Conclusion. L’individualisation sous tension entre parents et enfants

Le retour des enfants dans leur famille d’origine est un choix par défaut. Il s’agit en même temps de rassurer les parents en envoyant des signaux que leur objectif est de repartir dès qu’ils le pourront. L’analyse du retour permet de mettre en avant cet événement comme étant un indicateur pertinent pour comprendre les logiques familiales de l’individualisation. Il cristallise un nouveau réajustement dans la vie des familles.

Au moment du retour contraint, les jeunes résistent. Ils ont acquis plusieurs dimensions de l’autonomie et de l’indépendance centrales de l’individualisation, et veulent les conserver. Ils ont atteint un certain niveau d’individualisation qu’ils protègent. Ils restent dans leur logement jusqu’au moment où ils n’ont plus le choix et le retour se fait dans l’urgence. Une fois au domicile parental, ils continuent à se protéger par des stratégies diverses comme ne pas défaire les cartons ou ne pas décorer l’espace qui leur est attribué par leurs parents. Il est important pour eux de ne pas s’installer, de bien envoyer le message qu’ils ne se sentent pas chez eux et qu’ils sont de passage. Les parents résistent, pour conserver leurs habitudes, ils rappellent à leur enfant qu’il est « chez-eux », et dans certaines situations ils l’explicitent, notamment dans les cas de relations conflictuelles ou tendues. Ils peuvent ne pas lui céder trop de place ou par exemple ne leur attribuer qu’une étagère dans le réfrigérateur. Les jeunes s’adaptent en acceptant que leur identité statutaire d’enfant soit mise en avant. Finalement, lors de la nouvelle vie commune, chacun tente de lui donner un sens de « provisoire » et de préserver son individualisation. Les parents affichent les limites de leur territoire et les enfants indiquent qu’ils ne veulent pas vraiment se l’approprier, signalant par là qu’ils ont grandi et qu’ils ne sont plus les mêmes. Les jeunes sont tiraillés entre la dépendance de fait et leur volonté d’autonomie.

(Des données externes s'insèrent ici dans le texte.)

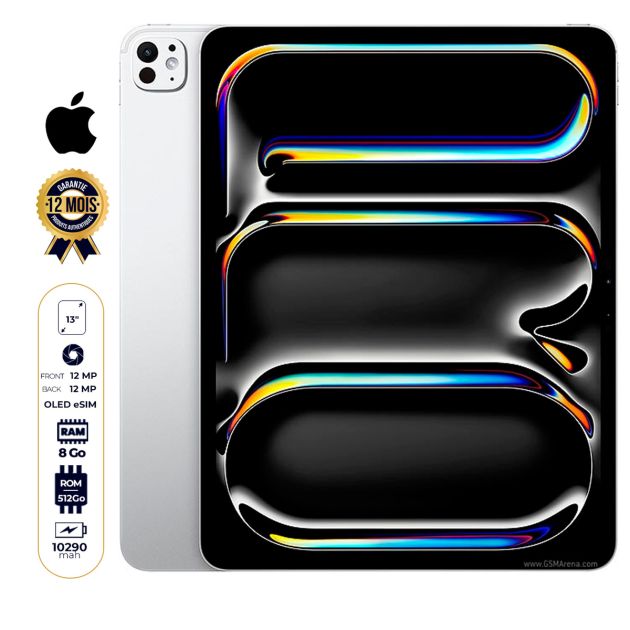 Apple iPad Pro M4 2024 - 1To - 8Go RAM - Ecran 13 '' Ultra Retina - 1 eSIM - 12MP/12MP - 10290mAh - Garantie 12 mois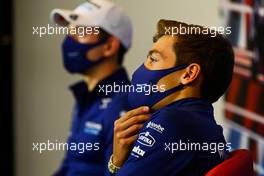 George Russell (GBR) Williams Racing and team mate Nicholas Latifi (CDN) Williams Racing in the FIA Press Conference. 15.07.2021. Formula 1 World Championship, Rd 10, British Grand Prix, Silverstone, England, Preparation Day.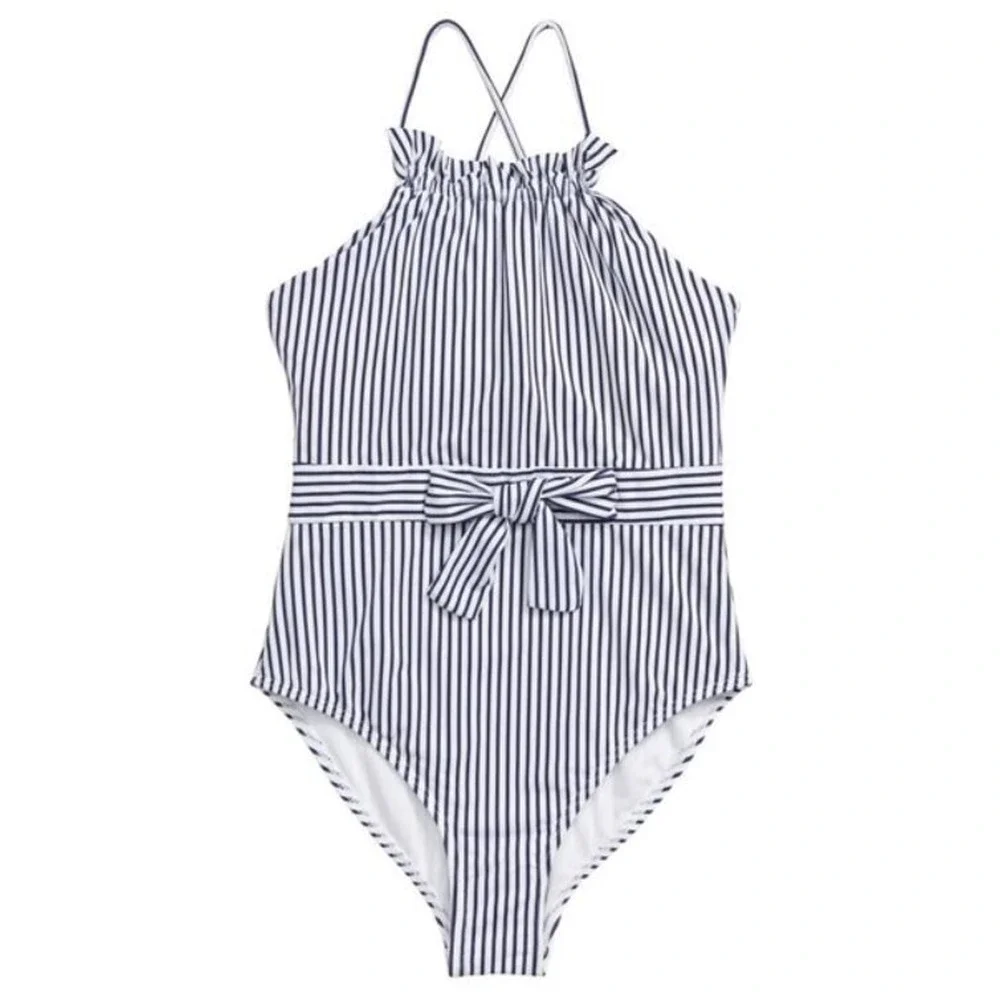 Habitual Girls Scarlett Stripe One Piece Swimsuit in Navy/White Size 14 MSRP $56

Il s’agit d’une configuration ambigüe, les jeunes sont conscients de leur chance, mais ils ne se sentent pas très bien et éprouvent un sentiment d’échec et de retour en arrière. Ce sentiment se joint parfois à une ambiance familiale sous tension. Leur préoccupation est de repartir vite tout en conservant les dimensions acquises de leur individualisation (par exemple, la capacité à gérer un budget, supporter la solitude, gérer sa propre vie) et en se protégeant de l’envahissant contrôle de leurs progéniteurs. Ces derniers s’assurent de leur côté que l’équilibre obtenu après le départ ne soit si possible pas déstabilisé.

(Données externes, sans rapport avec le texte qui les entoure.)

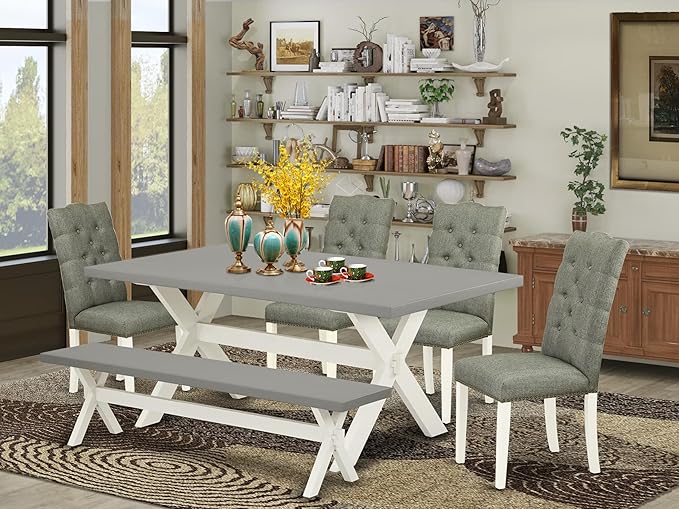 East West Furniture X097EL207-6 6 Piece Kitchen Table Set Contains a Rectangle Dining Table with X-Legs and 4 Gray Linen Fabric Parson Chairs with a Bench, 40x72 Inch, Multi-Color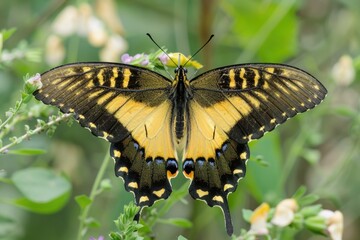 A yellow and black butterfly perched on a colorful flower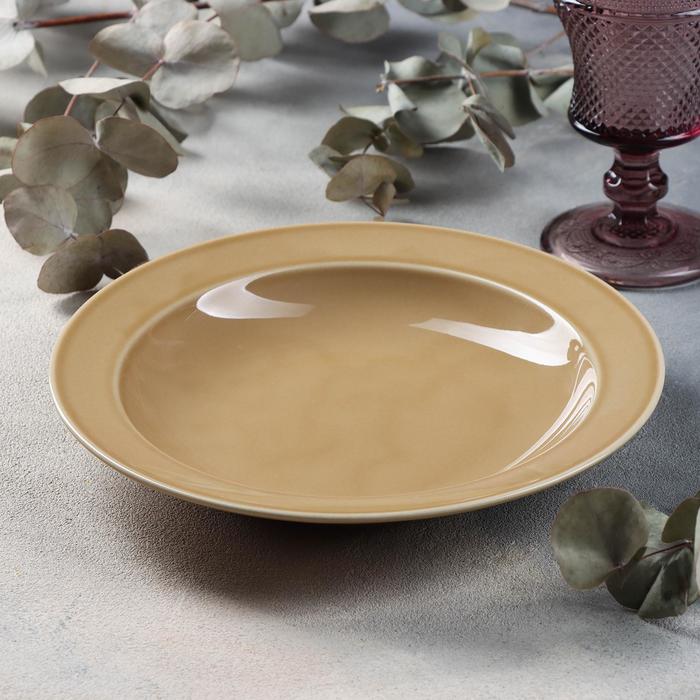 Тарелка глубокая «Акварель», 550 мл, d=22,5 см, цвет золотисто-коричневый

Cette analyse nous permet de comprendre comment le sentiment du « chez-soi » se consolide au fur et à mesure et selon les expériences. Le lieu de résidence n’est pas la seule dimension de la construction du sentiment de « chez-soi ». D’autres éléments tels que la façon dont le lieu s’inscrit dans le parcours de vie personnel et professionnel et dans l’histoire familiale ont leur importance. Le sentiment de « chez-soi » est en lien avec le processus d’individualisation qui est davantage accompli chez les jeunes partis depuis un certain temps et ayant acquis certaines dimensions centrales de l’individualisation comme l’indépendance et/ou l’autonomie de manière prolongée. Ce développement nous amène à nous interroger sur le rapport entre sentiment de « chez-soi » et un lieu inconditionnel où pouvoir rentrer quand on sait qu’on ne pourra plus avoir son propre logement. Le domicile des parents bien qu’il ne soit pas un « chez-soi » reste le symbole de la solidarité familiale et de l’inconditionnalité des parents en termes d’aide et de soutien envers les enfants. Le retour est significatif du maintien des relations intrafamiliales qui se prolongent dans le temps non seulement par la décohabitation, mais aussi par la recohabitation, évoluant peu sur la qualité de la relation.